Ouve uma autocrítica da gestão em relação a postura e o valor do ingresso?
Eu acho que isso é mais um exemplo de como você tem que balancear dois pontos de vista. Aumentar as receitas de bilheterias é uma necessidade de absoluta, como qualquer coisa pra quem está lutando contra um déficit e matando um leão por mês, porque quando a gente paga e comemora os pagamentos de salários de um mês, não sabemos se vamos conseguir pagar o mês seguinte, aí corremos atrás de uma situação que é desfavorável. Não podemos abrir mão da bilheteria. Por outro lado, entendo que a torcida queria que praticássemos ingressos mais baratos, e neste momento estamos tentando conciliar as duas coisas, assumindo o compromisso de que durante o Campeonato Brasileiro nós praticaríamos preços promocionais no Setor Norte, atrás do gol, onde as Organizadas gostam de ir. Estamos tentando equilibrar as duas coisas. É claro que em determinado momento, quando foi impossível, espero que a torcida nos compreenda como estamos compreendendo eles, e de uma certa maneira abrindo mão de uma receita maior.
Vocês estão agindo racionalmente ou a pedidos da torcida?
Sempre que a gente conseguir conciliar as duas coisas vamos fazer. Essa questão da torcida participar e da gente conciliar as duas posturas passa pelo nosso Programa Sócio-Torcedor do Flamengo. É a forma com que o torcedor possa ir aos jogos de forma mais barata.
No Fla-Flu, atrás dos dois gols, nós praticamos R$ 40 a inteira, R$ 20 a meia e o sócio-torcedor paga quase R$ 10, então é um preço bastante em conta, até abaixo do custo que pagamos ao Consórcio para jogar no Maracanã. Por outro lado, tentamos compensar isso com as receitas do Sócio-Torcedor que está aumentando, e que é a grande esperança para que nós um dia chegarmos ao nível de excelência que a torcida merece, compensando nos setores laterais com ingressos mais caros. Nós estamos tentando equilibrar as duas coisas para satisfazer a torcida e sem sacrificar a nossa condição de ‘bons pagadores’ que finalmente estamos conseguindo ser.

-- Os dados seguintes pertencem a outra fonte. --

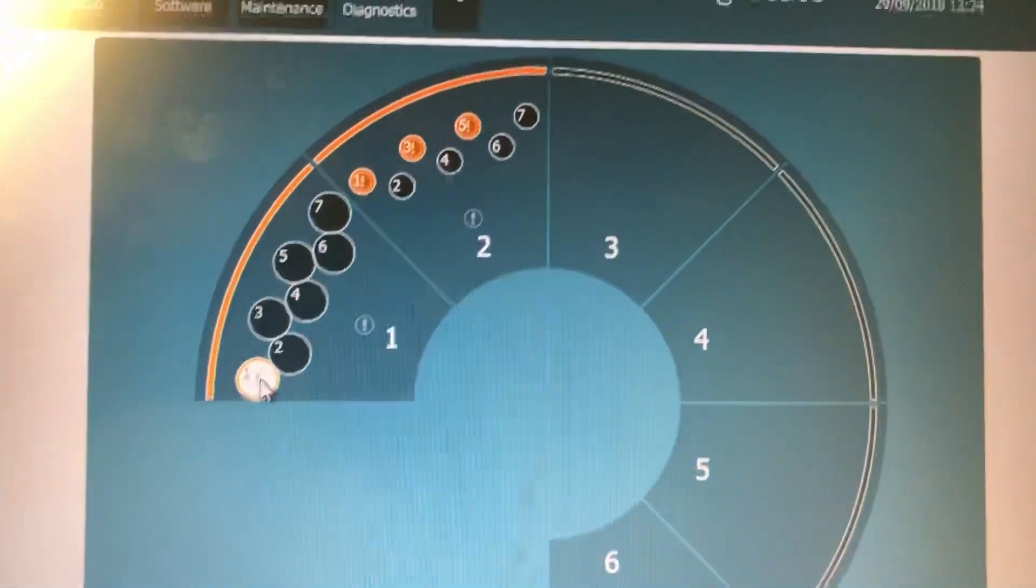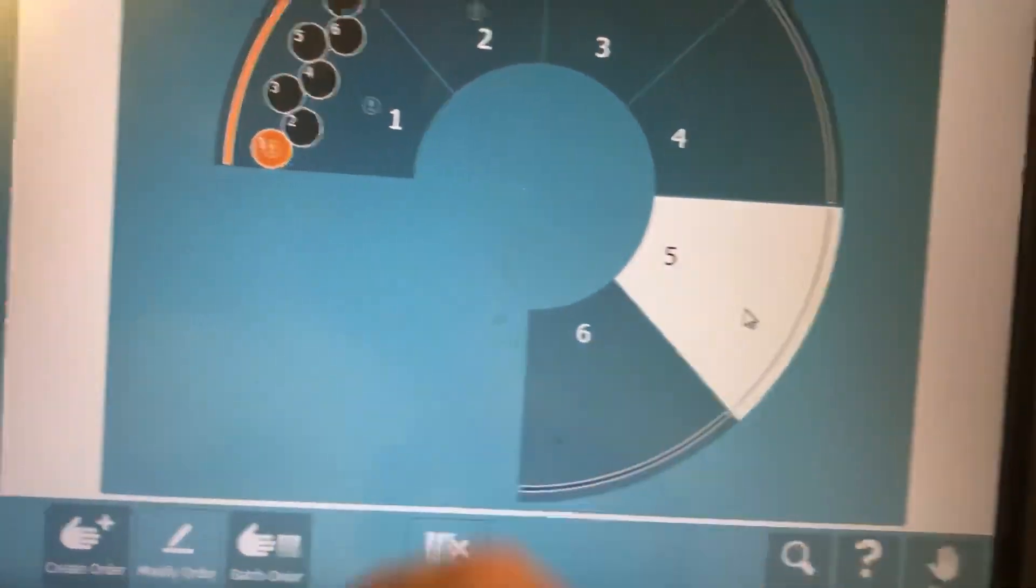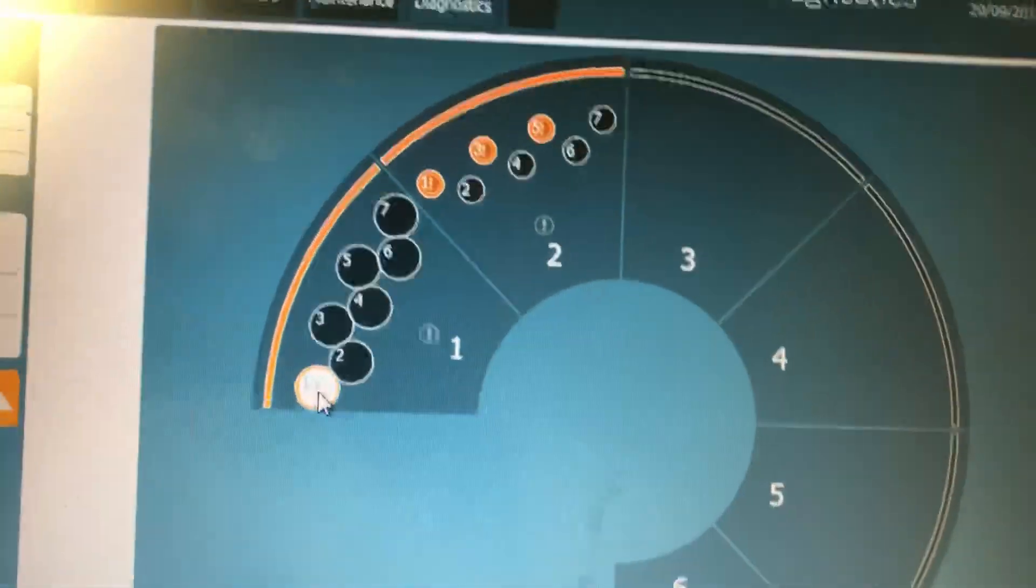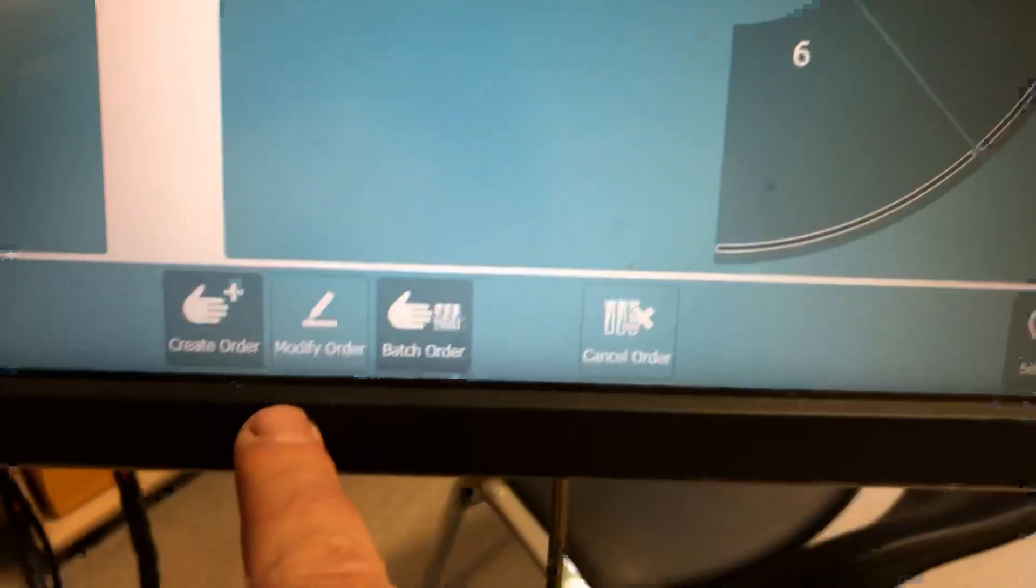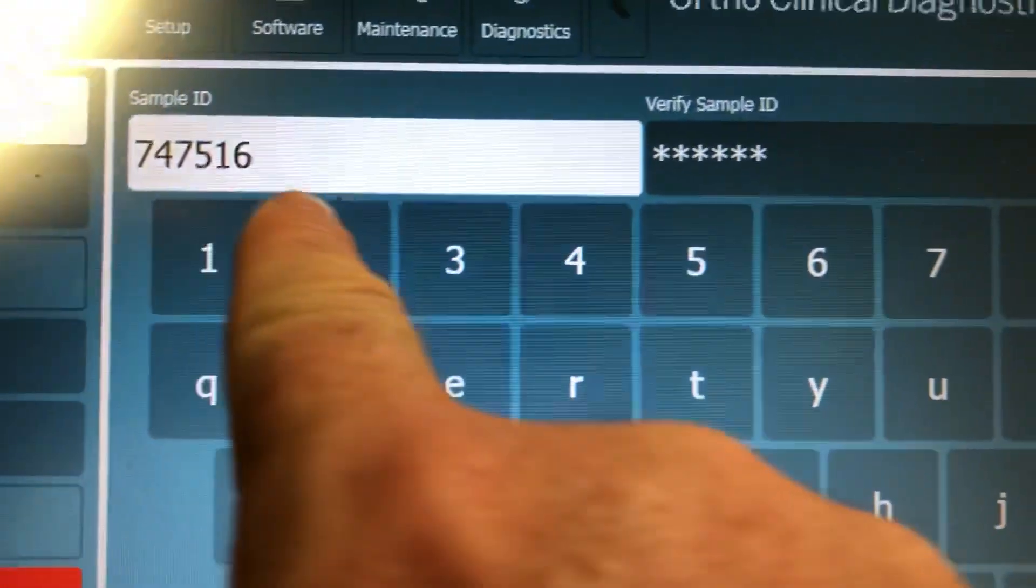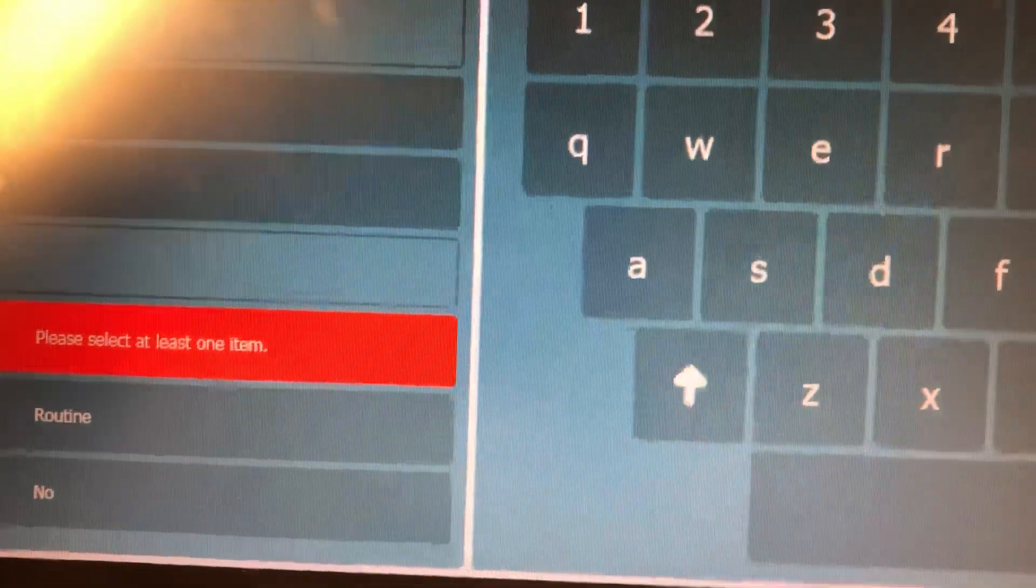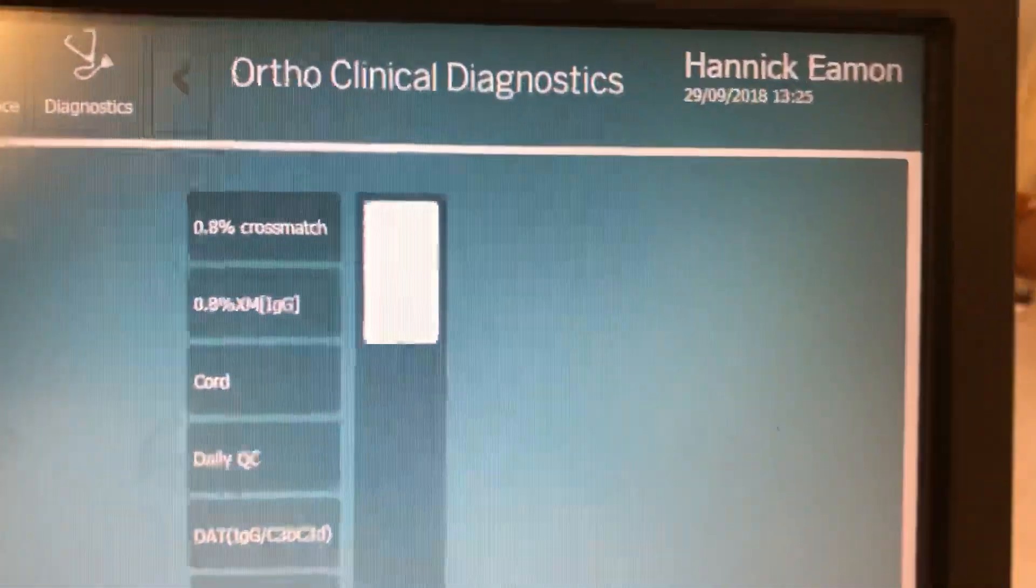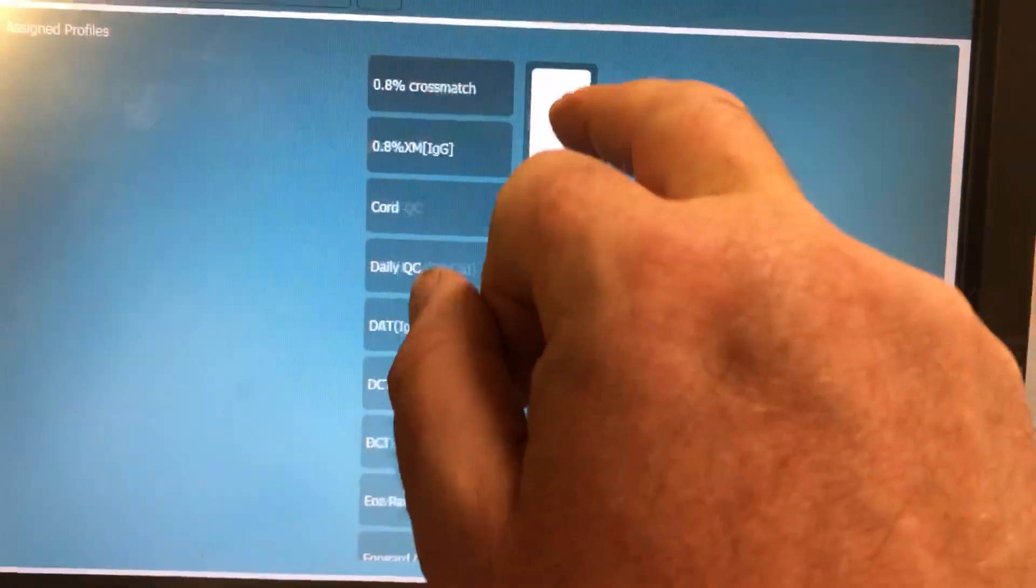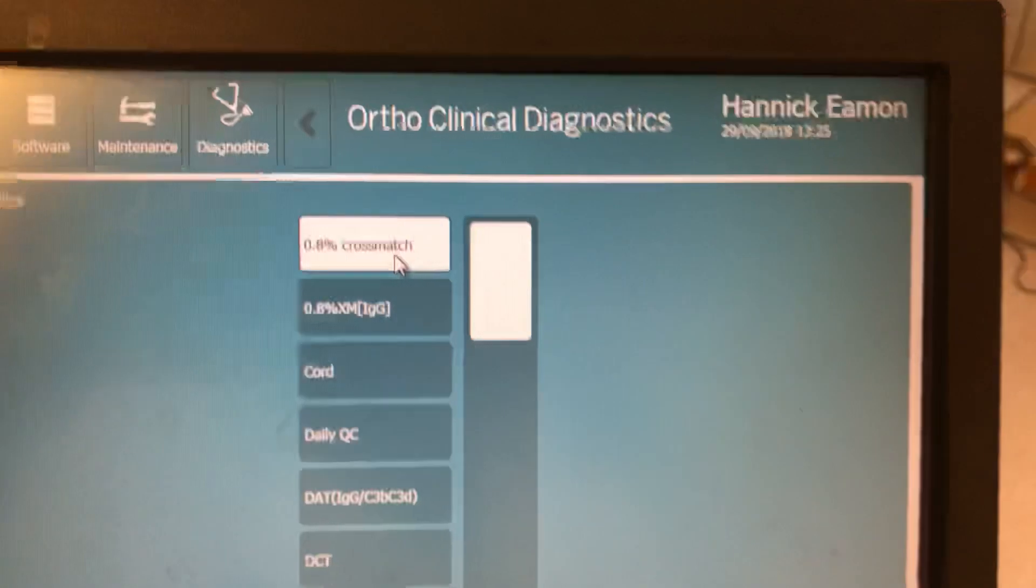So what we have to do is we have to manually request the test. Now what we do is we highlight the sample that we want to do the cross match on, we go to create order, and you'll see that the number automatically fills here. And now we want to assign the test. When I click that I have my full list of profiles of all the tests that I can possibly run on the vision. And at the very very top I have the 0.8% cross match.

Não é possível fazer uma conta em que é melhor ter o estádio mais cheio e faturar o mesmo do que com menos público, mas com renda maior?

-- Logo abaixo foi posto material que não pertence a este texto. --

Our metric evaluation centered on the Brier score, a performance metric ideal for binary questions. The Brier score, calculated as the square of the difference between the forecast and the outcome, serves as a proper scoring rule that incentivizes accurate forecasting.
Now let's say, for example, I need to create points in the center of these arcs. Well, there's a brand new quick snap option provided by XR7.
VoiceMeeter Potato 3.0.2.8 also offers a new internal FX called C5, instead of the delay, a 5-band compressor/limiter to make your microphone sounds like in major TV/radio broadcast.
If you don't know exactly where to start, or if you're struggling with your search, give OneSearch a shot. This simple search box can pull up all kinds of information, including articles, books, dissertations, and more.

A gente tenta fazer essa conta. A ideia seria maximizar as receitas da bilheteria sem sacrificar a torcida. Quando nós jogamos contra o Grêmio nós tínhamos de cinco vitórias seguidas, quando nós jogamos contra o Corinthians tínhamos perdidos os dois jogos anteriores. Então, a gente nunca sabe se tivéssemos jogando com o Corinthians naquele sábado como foi contra o Grêmio, se também não teríamos lotado o Maracanã com os preços maiores, e assim, receitas ainda maiores para pagar os jogadores e os nossos compromissos. Pode ter certeza que estaremos sempre procurando atender os dois lados.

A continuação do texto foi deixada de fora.